A while ago, I was thinking about the final movement of Saint-Saëns' Christmas Oratorio, Op. 12. I wrote about this last year, and I even translated the first line of the Latin text:
For the last couple years, I've been slowly working through my Latin textbook from college again, and a couple months ago, I ran into the same verb that starts this movement. In the infinitive form, it's tollere. In Saint-Saëns' Christmas Oratorio, it's a 2nd person plural imperative (tollite), and in the sentence in my Latin textbook, it's a 2nd person singular imperative (tolle). It can be translated a few different ways. My Latin dictionary lists: to lift, raise; to take away, remove; to do away with, abolish, destroy. In the text of the Christmas Oratorio (with hostias [victims or sacrifices] as the direct object), it has the sense of "lift" or "raise."

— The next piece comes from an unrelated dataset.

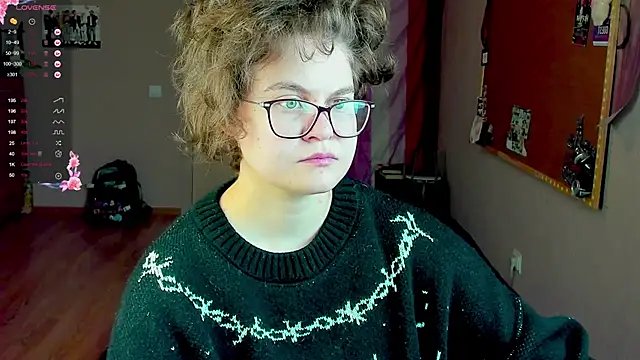 Sashy Way online show from 12/13/24, 10:13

After running across tollere in my Latin textbook, I realized that "tollite hostias" is musically represented. In the soprano part, there's an interval of a fourth between the notes for "tollite" and the note for the first syllable of "hostias." In the other vocal parts, there are smaller intervals between "tollite" and "hostias," but - for the tenor and bass parts, at least - the word "tollite" itself has an ascending melody:
(notation found here)
After I realized that, I started thinking about the rest of the line ("et adorate Dominum in atrio sancto eius"), and I realized that the melody for "adorate" (the 2nd person plural imperative form of adorare, to worship) generally descends, as if those singing it were bowing before God in their own worship while also calling others to worship.